I recently wrote here that too much that affects games happens off the field, where fans don’t have visual access. The most obvious development there is instant replay. Hundreds of plays have been reviewed in a Manhattan office, far away from the sites where the plays occurred, and many have been reversed – safe to out, out to safe, double to home run, home run to double.
Those plays, however, are not the only ones reviewed. Umpires review those calls. Joe Torre, the executive vice president of baseball operations, reviews officials’ calls.
Torre may do a great job at his task. However, fans and reporters have no way of knowing. He does his job in secret, and his decisions are seldom disclosed. They are kept secret.
Don’t ask me why. I don’t know, and no one has been willing to tell me. If members of the Baseball Writers Association were still serving as official scorers, as they did for many, many years, this ridiculous system would not be in effect.
Newspapers, though, ordered their reporters to cease scoring because it was a conflict of interest. It only took editors decades to figure that out (MLB was paying the reporters who covered it to be scorers), which gives you some understanding why newspapers are dying.
Now MLB recruits anyone who knows balls from strikes to serve as scorers, and their decisions are subject to review by Torre upon request from clubs or player agent via the union.
Official scoring calls do not determine the outcome of games so they don’t have the effect of umpires’ rulings on replays. However, they do have an effect on players.
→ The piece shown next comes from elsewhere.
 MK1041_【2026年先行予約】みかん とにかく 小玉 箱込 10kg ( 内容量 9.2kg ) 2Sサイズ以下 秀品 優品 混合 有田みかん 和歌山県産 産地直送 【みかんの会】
If Torre changes a call from an error to a hit or a hit to an error, it affects the pitcher’s earned run average or the batter’s batting average, maybe his runs batted in, too.
Here’s a recent example, which has triggered this rage. The headline told the story:
Scoring change gives Hernandez shot at ERA title
Upon request from the Seattle Mariners’ public relations department, Torre changed a hit to an error against Felix Hernandez, the team’s ace pitcher, and the change resulted in four earned runs that had been charged to Hernandez becoming unearned.
Now do you think the Mariners’ public relations department had a vested interest in getting Hernandez’s earned run average lowered? With Torre’s ruling, it dropped from 2.34 to 2.18, a smidge behind 2.17 for Chris Sale of the Chicago White Sox for the American League e.r.a. title. Sale was finished for the season while Hernandez was scheduled to start on the last day of the season.
Lloyd McClendon, the Mariners’ manager, who supported Torre’s decision – there’s another surprise – now had it within his grasp to get Hernandez the e.r.a. title. If the pitcher got five outs without giving up an earned run, McClendon could remove him from the game.
Hernandez would have a 2.169 e.r.a., Sale 2.172.
But not so fast. There was a major hitch in that plan. The Mariners needed to beat the Angels to have a chance for the A.L. wild card over Oakland, and the Mariners’ game was scheduled to start an hour after the A’s game at Texas. In other words, Hernandez was on his own, and his manager was looking for him to shut out the Angels anyway just in case Oakland lost.
Meanwhile, back on the scoring subject, if MLB feels a need to have a capacity to review scorers’ decision, name a committee of three veteran scorers or retired writers who had served as scorers and let them view the replays of the plays in question.
That might not be ideal, but it would keep the decisions in the hands of scorers and not MLB officials, especially former players, who might view plays differently from scorers.